Tony Mastroianni Review Collection

"A House" Is Not a Film Either

Cleveland Press August 28, 1964

Polly Adler's best-selling autobiography -- the life and times of a brothel keeper -- hardly seemed like an appropriate subject matter for a movie when the announcement was made some months ago.

A viewing of the film does nothing to change that opinion.

Miss Adler's comprehensive report on the business of prostitution, sordid as its theme might be, was still an interesting and unpretentious study of an era and its seamy side from a unique view point.

No such claims can be made for this movie version of a madam's memoirs.

Admittedly it must have been difficult to fashion a screenplay from the material. The result is a melodramatic, tawdry, tasteless script that does nothing to advance drama, entertainment or an understanding of the period.

The film follows Miss Adler's career from her youthful days in a sweat shop, her rape by the shop foreman, to her providing girls for the entertainment of a bootlegger and his friends until she becomes one of the most successful keepers of a house of prostitution in New York.

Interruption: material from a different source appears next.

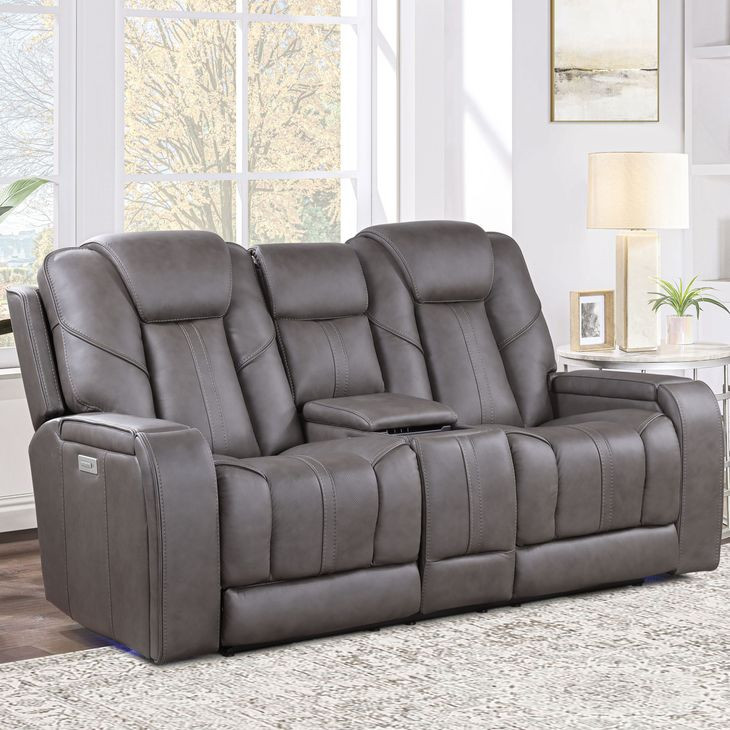 Daniel Gray 77" Triple Power Reclining Loveseat with USB Charging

Presented is a world peopled by hoods, racketeers, dishonest cops and politicians on the make. What with the madam and her girls rounding out the cast there are few characters in the movie with whom the audience might sympathize.

A bitter-sweet romance with a musician is developed as a major plot line in the film. A puzzling subplot presents a whitewashed Lucky Luciano, advancing the theory that his arrest in connection with prostitution was all a terrible mixup.

While a gesture is made toward moralizing by having the girls and their procuress occasionally comment on their lack of a future, the dialog seems to have been developed for the shock value inherent in hearing certain words coming from the screen.

Shelley Winters gives a strong portrayal as Polly Adler. An aging Robert Taylor is grim-faced but acceptable as a minor hood. There are good vignette performances from Romero as Luciano, Broderick Crawford as a corrupt politician and Kaye Ballard as an early friend of Polly's.

The actresses portraying the girls are lovely to look at, but two are embarrassingly bad when called on for some heavy emoting.